Multicellular organisms maintain homeostasis of the internal milieu for optimal cellular functioning. This includes homeostasis of electrolyte concentrations, osmolality and pH. The kidney plays a central role in the maintenance of homeostasis through the regulation of transepithelial ion transport, the vectorial movement of water and ions across membranes. We study this process in the renal tubules of the fruit fly, Drosophila melanogaster. We have demonstrated a role for a chloride channel, bestrophin-1, in this process. We have also found that at the whole organism level, loss-of-function mutations in bestrophin-1 cause flies to die more quickly than wild-type when they are fed a high-salt diet. Ion transport occurs across different parts of the fly renal tubule, including the main segment and the lower segment, and also across the hindgut. Bestrophin-1 is expressed in all of these tissues. We would like to find out where bestrophin-1 is required in order for flies to survive on a high-salt diet. This will help us learn about ion transport processes important in iono- and osmoregulation. Perturbations of these processes in humans lead to electrolyte disorders, tonicity disorders and high or low blood pressure, which are frequent problems encountered in clinical practice that lead to patient morbidity and mortality.
Our SPUR student will have a hands-on role in this project. First, the student will perform the necessary fly crosses to generate the flies needed for testing in experiments.

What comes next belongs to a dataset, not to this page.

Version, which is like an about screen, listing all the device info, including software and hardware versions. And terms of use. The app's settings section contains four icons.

The goal of this is to generate flies which have a mutation in bestrophin-1 throughout the whole fly, and express wild-type bestrophin-1 in specific tissues, such as the main or lower segment of the tubule, or the hindgut. Conversely, we have tools to knock down the bestrophin-1 gene in these specific tissues. Then, the student will study how quickly the bestrophin-1 mutants die on high-salt food compared to controls. This is a straightforward assay that was successfully performed by undergraduates in a physiology class last year. The student may also test whether bestrophin-1 mutants eat and drink normally. Data will be analyzed using GraphPad Prism and the student will be guided through statistical analysis and data presentation.

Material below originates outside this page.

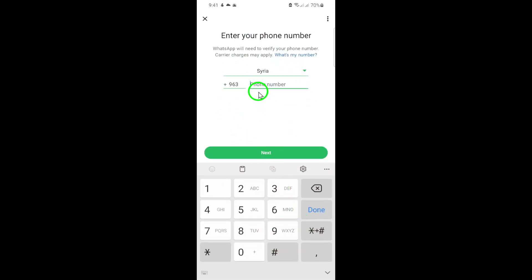After entering the phone number, tap Next. WhatsApp will then send a verification code to the number you provided via SMS. Once you receive the six-digit verification code, enter it in the designated field to verify the phone number.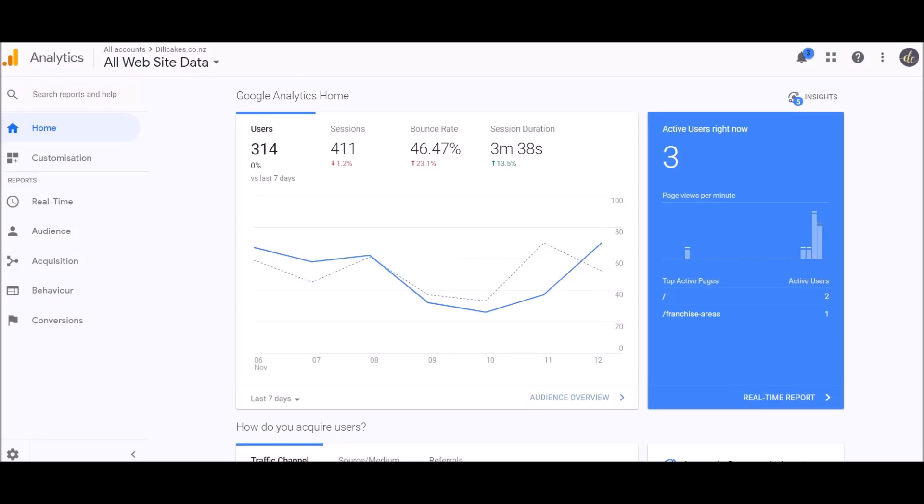Hi everyone, Lucy here from Learn with Lucy. Today I'm going to do a run-through of Google Analytics with you so I can show you the most useful information that you can quickly see in a snapshot. To get to Google Analytics, you go to www.google.com/analytics and once you log in you'll get to this dashboard.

Our SPUR student will learn about Drosophila genetics and the physiology of salt and water handling in both insects and mammals. The student will have the opportunity to plan and perform experiments, and analyze and present data. Together with data we already have in the lab on this project, we expect the results of these experiments to be published, and the student may wish to get involved in preparing figures for publication and in manuscript preparation (although this may happen after the summer is over). This is a great opportunity to get a hands-on feel for a basic science lab, and is appropriate for students who are considering a future career in a life sciences setting, graduate school in the biological sciences, medical school, or simply want to try out research.
College of Medicine
Molecular Biology Program
My mentoring philosophy is to get students as involved as possible in everything going on in the lab. That is the best way to learn! Our SPUR student will be paired with a more experienced lab member in order to get lots of hands-on help, and everyone in our lab is generally friendly, helpful and willing to teach. We have lab meeting every Friday, and the student will have the opportunity to learn about what others in the lab are working on, and also to share their progress on the project. The student will also have regular meetings with me (the PI) to discuss their progress. I am also happy to discuss students' shorter and longer term goals (for example, graduate or medical school) and help guide them as they try to reach these goals. Additional mentoring activities will be tailored to these goals.